Öncelikle halkımızın seçim öncesi ve bu seçimde göstermiş olduğu direnişi ve özgürlükçü tutumunu saygı ile selamlıyoruz.
Faşist AKP-MHP rejimi kadınlara karşı savaş açmıştır
Kadın düşmanı faşist AKP-MHP rejimi toplumsal cinsiyetçiliği, milliyetçiliği ve devlet iktidarcılığını toplumsallaştırarak kadınlara karşı savaş açmıştır. Kadın katliamları, tecavüz kültürü ve özel savaş yöntemleriyle kadının varlığı, benliği ve ruhunu yok etmeyi hedefleyen, mücadeleyle elde edilmiş örgütlü alanlarını işgal etmek, erkek lehine toplumu yeniden düzenlemek isteyen bu rejime karşı en net tavrı kadınlar göstermiş, yaşamın tüm alanlarında direniş halinde olmuşlardır. Değişimin ve Türkiye’nin demokratikleştirilmesinde esas öznenin kadınlar olduğunu tüm partiler ve güçler kabul etmek zorunda kalmışlardır. Kadınlar kadın düşmanı faşist AKP-MHP rejiminin erkek egemen ve cinsiyetçi politikalarına karşı seçim sürecinde de gerçekleştirdiği görkemli mücadeleyle büyük bir umut ve heyecan yaratmışlardır, renkleriyle, iradeleriyle ve kimlikleriyle JİN, JİYAN, AZADİ şiarı temelinde seçimlere katılan, emek veren tüm kadınları kutluyoruz, saygı ile selamlıyoruz. Kadınların yürüttüğü mücadele demokratik siyasette kadının eşit temsiliyetinin en üst düzeyde gerçekleşmesini sağlamıştır. Kadınların ortak mücadele gerekçeleri her zamankinden çok daha güçlenmiştir ve kadınlara karşı savaş ittifakı olarak örgütlenen AKP-MHP rejimini mutlaka yıkacaktır.

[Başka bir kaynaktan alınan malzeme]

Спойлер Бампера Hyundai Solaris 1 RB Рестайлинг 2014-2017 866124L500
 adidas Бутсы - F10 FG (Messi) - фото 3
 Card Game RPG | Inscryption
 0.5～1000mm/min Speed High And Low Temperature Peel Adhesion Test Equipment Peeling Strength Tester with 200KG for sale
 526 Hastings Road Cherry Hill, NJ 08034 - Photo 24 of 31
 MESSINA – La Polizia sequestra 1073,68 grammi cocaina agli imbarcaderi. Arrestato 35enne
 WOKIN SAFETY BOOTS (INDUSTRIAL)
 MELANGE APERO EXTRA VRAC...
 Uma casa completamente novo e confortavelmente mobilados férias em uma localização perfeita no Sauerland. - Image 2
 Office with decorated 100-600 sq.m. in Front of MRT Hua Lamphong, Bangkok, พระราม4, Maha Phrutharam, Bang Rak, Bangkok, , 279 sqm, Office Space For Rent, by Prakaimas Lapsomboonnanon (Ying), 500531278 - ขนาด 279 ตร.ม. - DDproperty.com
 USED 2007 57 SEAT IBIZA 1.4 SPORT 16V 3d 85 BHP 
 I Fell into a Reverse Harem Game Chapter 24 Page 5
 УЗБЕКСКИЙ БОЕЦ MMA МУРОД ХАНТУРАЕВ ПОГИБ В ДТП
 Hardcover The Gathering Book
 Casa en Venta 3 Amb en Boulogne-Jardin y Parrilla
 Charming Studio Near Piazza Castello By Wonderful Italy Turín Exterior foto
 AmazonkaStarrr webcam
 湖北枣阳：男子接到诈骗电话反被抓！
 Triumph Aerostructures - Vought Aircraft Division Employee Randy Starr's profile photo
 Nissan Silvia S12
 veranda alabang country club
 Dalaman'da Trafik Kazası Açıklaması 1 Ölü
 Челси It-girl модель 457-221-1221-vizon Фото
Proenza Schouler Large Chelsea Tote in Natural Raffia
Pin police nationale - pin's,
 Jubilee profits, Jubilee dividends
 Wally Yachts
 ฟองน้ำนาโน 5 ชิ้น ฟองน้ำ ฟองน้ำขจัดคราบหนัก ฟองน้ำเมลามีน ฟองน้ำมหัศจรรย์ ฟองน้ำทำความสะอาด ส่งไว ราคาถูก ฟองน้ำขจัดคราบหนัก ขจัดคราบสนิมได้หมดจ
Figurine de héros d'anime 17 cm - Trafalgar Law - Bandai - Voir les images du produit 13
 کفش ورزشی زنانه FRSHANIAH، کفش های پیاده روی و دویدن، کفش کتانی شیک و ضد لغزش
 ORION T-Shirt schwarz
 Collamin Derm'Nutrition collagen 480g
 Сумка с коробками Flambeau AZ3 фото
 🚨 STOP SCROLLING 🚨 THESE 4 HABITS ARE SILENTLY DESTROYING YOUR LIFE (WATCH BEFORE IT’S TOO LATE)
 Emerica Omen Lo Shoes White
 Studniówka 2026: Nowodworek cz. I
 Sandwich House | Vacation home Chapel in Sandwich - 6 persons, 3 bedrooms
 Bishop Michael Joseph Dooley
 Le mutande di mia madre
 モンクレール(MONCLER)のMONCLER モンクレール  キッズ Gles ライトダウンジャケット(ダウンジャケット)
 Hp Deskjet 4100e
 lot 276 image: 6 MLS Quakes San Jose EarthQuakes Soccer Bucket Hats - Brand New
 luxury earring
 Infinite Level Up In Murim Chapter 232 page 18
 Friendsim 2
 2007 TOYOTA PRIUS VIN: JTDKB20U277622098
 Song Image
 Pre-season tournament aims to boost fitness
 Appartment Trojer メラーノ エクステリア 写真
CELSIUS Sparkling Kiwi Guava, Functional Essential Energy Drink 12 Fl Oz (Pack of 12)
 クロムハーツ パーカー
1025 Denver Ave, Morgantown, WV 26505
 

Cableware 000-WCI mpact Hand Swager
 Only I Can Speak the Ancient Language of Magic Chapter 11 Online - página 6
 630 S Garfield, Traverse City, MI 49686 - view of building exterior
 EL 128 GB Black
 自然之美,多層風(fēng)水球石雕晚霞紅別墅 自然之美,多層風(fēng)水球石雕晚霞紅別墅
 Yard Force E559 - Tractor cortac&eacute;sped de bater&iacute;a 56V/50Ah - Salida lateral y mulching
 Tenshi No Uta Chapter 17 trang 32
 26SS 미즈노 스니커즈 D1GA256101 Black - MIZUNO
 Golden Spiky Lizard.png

Kadınlar öncülüğünde halkımızın genel tutumu özgürlük ve demokrasi tutumudur. Önderliğimize verilmiş en özgürlükçü cevap olmuştur. Faşist Erdoğan ve sistemin tüm partilerine Kürdistan’dan verilen cevap; kendi değerlerini koruma biçiminde olmuştur. Halkımız seçimlerdeki duruşu ile demokratik toplum bilincini ve gücünü göstermiş aynı zamanda bir kez daha uluslararası komployu boşa çıkarmıştır.
Bu seçimler hile ve oy hırsızlığı temelinde geliştirilmiştir
Bu seçimler de Türk özel savaş güçlerinin çok kapsamlı planlamaları, operasyonları, hile ve oy hırsızlığı temelinde geliştirilmiştir. Türkiye tarihinin en ustaca, gizli, en hazırlıklı seçim hırsızlığını AKP iktidarı gerçekleştirmiştir.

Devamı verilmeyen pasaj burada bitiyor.